My sister is special needs.

Thank heavens for you, mom.

laughingwolf said...

at least no one got injured, even if a few egos were bruised a bit :)

Brian Miller said...

glad your girls tried and even succeeded in giving him a bit of fun that one day...it is not easy...don't beat on yourself over setting him off...hope you got to enjoy some of it..

Mushy said...

Cheers! My favorite part!

YELLOWDOG GRANNY said...

you have a wonderful family and I can see the love..

Leslie: said...

Looks like a pretty good time, overall. But sometimes it's good to just get home! Where in Spain were you? My parents used to go to Malaga.

Shrinky said...

SJ, I'm blessed with a great bunch of kids (smile).

Shrinky said...

Denise (laughing), I will! Sweet you would spot it - he doesn't wear the one you gave him, it's too precious with that autograph to wash!

Shrinky said...

Aw Dan, what a lovely thing to say, and yes, the girls often make quite a double-act together (smile).

Shrinky said...

Kit, I my be biased, but I tend to think so too!

Shrinky said...

Oh Anna, how lovely of you to pop by again! Blogger is often a pain, I have no idea why it chose to swallow your last comment up.

Shrinky said...

Hi Ake, yup, like most families, the sibs may argue, but mostly they all look out for each other.

Shrinky said...

Ah Chris, I knew there was something special about you!

Shrinky said...

Hi Laughingwolf, yeah, we all made it back with no real lasting damage done.

Shrinky said...

Brian, Sam is already fretting over us going away, next year! I've calculated we have only five more annual family trips to make, before the youngest leaves for University (grin).. then I think we'll hang up our passports.

Shrinky said...

Mushy, well it WAS a very heartfelt "cheers", I'll grant you (grin)!

Shrinky said...

Thanks Jackie-Sue, I certainly wouldn't swap them over for a bag of crackers (wink)..

Shrinky said...

Hi Leslie, we went to Mayorca, a little island off the Spanish mainland.

deb said...

I guess it was an adventure, not really rest and relaxation,
but you are all seriously beautiful and a family in ways that most can only dream of...

Chantel said...

Ah, my love--vacations always teach us more about our own coping skills and boundaries than anything else. Dear God, artificial environments without any privacy topped off with stressful situations and lets add in crappy sleep and VOILA! Happy vacation! (chuckle) It looked smashing--honestly. Sometimes I wonder if we all go away for a bit...just to rediscover the joy of coming home?

G-Man said...

Happy Family sounds like the special at a Chinese restaurant.

Loved the video....G

Maddy said...

Oh dear. Spontaneity, new, different etc. are all challenges around here too. We go to the same place, same house, same two weeks every year and we still have those screaming meltdowns.

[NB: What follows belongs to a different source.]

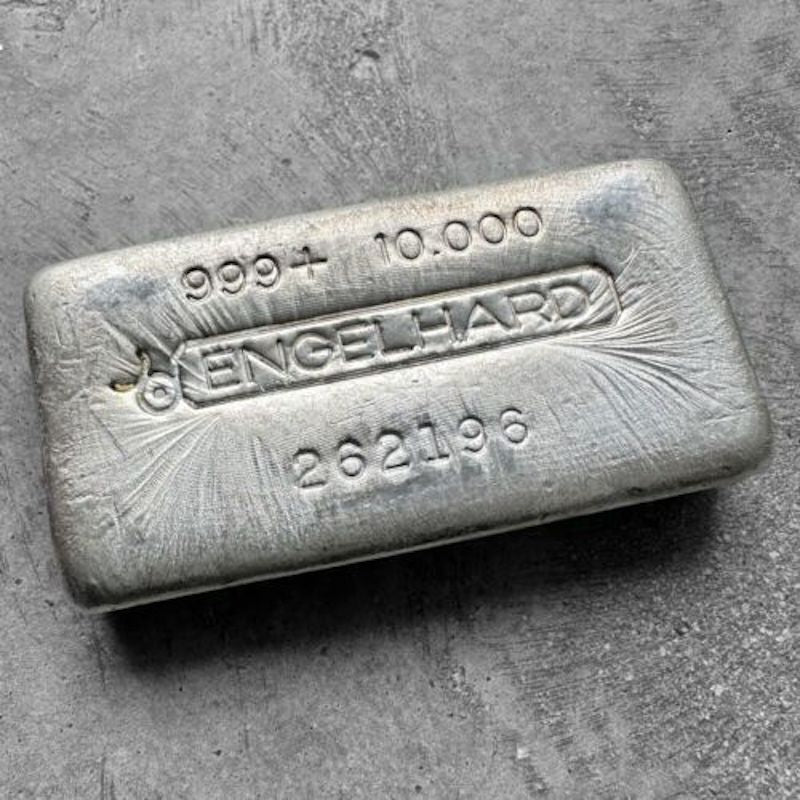 10 oz .999 Silver Engelhard Poured 10oz bar - Pour Lines
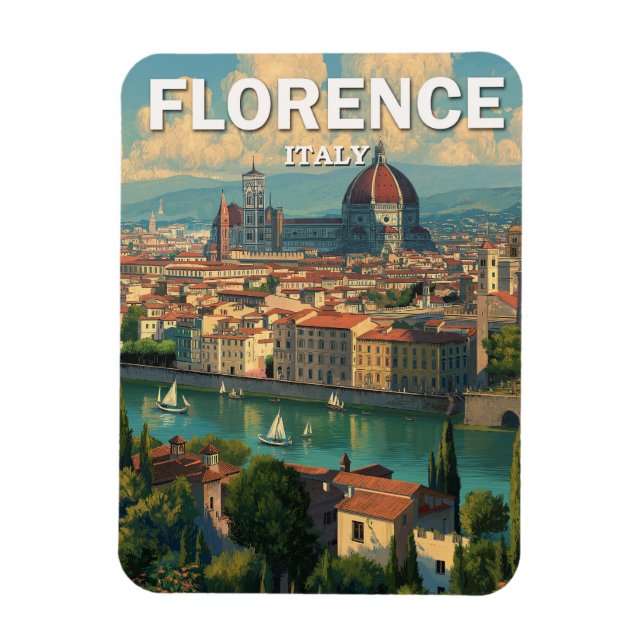 Vintag Florenz Italien Skyline Travel Magnet (Vertikal)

That said, there were a lot of smiles in that video - all over until next year.

Hilary said...

Ahhh Shrinky, you have a beautiful family. I'm sorry the holiday was so rough for Sam and you, ultimately but your crew are precious. You're truly blessed. Thank you for sharing.

simon said...

sounds familiar. though my sons is less... but asbergers runs along similar lines

Shrinky said...

Hi Deb, there is a lot for me to be thankful for, I'm very lucky (touch wood) at how my babes are turning out!

In truth Chantel, I much prefer not to go away at all (smile).

Ha, now you come to mention it, G-Man..!

Oh Maddy, seems it comes with the territory, doesn't it? (Hugs) But yes, there are always plenty of smiles mixed in there too.

Yes Simon, I am sure you know only too well this type of situation. I tend to see Sam as living with Asberger's, simply with the addition of severe learning difficulties thrown in.

Hi Hilary, for sure, I am more blessed than many (grin).

Alexis Hallum said...

I read your post and watched your video! I think you have a lovely family...

Joanna Jenkins said...

Yep, Sam looks really happy in the top photo! Glad he got in the pool even if it was the only time.

You're doing a great job and so is your entire family. Special needs can be so challenging at times but you take it all in stride and stick by your Sam. I take my hat off to you.

xo jj

Shrinky said...

Hey Alexis, thanks for that, and how lovely to see you in here!

Hi JJ, welcome back hon, how was the trip? Hope it was (nervous giggle) a bit better than ours?